TASK DIRECTIONS –
The full listing needs to be output exactly.

INFORMATION SUPPLIED –
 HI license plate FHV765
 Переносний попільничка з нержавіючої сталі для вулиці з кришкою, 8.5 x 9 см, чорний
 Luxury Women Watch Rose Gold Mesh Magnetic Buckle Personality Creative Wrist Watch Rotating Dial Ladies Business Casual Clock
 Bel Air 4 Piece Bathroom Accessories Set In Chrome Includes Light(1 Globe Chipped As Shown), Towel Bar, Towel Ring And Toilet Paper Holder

EXERCISE RESULT –
 HI license plate FHV765
 Переносний попільничка з нержавіючої сталі для вулиці з кришкою, 8.5 x 9 см, чорний
 Luxury Women Watch Rose Gold Mesh Magnetic Buckle Personality Creative Wrist Watch Rotating Dial Ladies Business Casual Clock
 Bel Air 4 Piece Bathroom Accessories Set In Chrome Includes Light(1 Globe Chipped As Shown), Towel Bar, Towel Ring And Toilet Paper Holder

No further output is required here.